------ Extracted data

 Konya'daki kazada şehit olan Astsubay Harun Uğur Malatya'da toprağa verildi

------------
------ Extracted data

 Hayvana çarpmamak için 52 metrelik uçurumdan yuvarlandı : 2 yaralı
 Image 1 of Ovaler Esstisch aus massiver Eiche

------------
------ Extracted data

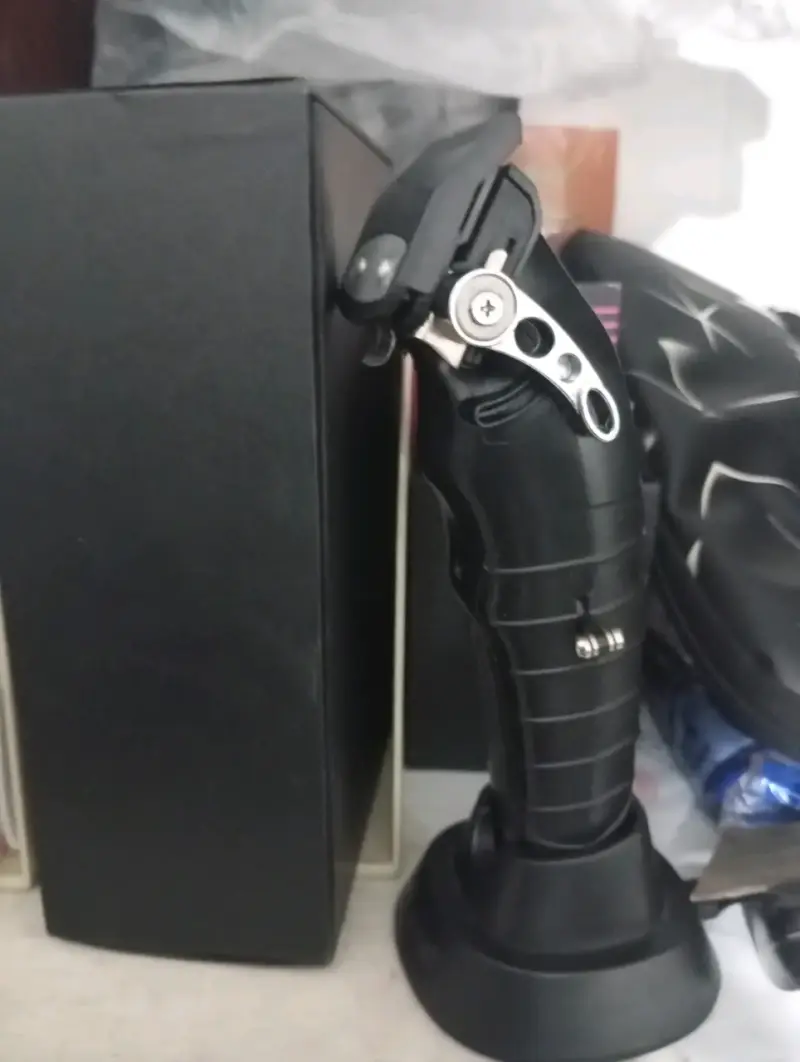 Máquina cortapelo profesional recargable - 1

------------

### Exercise details
From the entries above, write out only the lines starting at the line that holds "Hayvana çarpmamak için" and ending at the line that holds "Image 1 of Ovaler", keeping both and matching them exactly.

### Completed exercise
 Hayvana çarpmamak için 52 metrelik uçurumdan yuvarlandı : 2 yaralı
 Image 1 of Ovaler Esstisch aus massiver Eiche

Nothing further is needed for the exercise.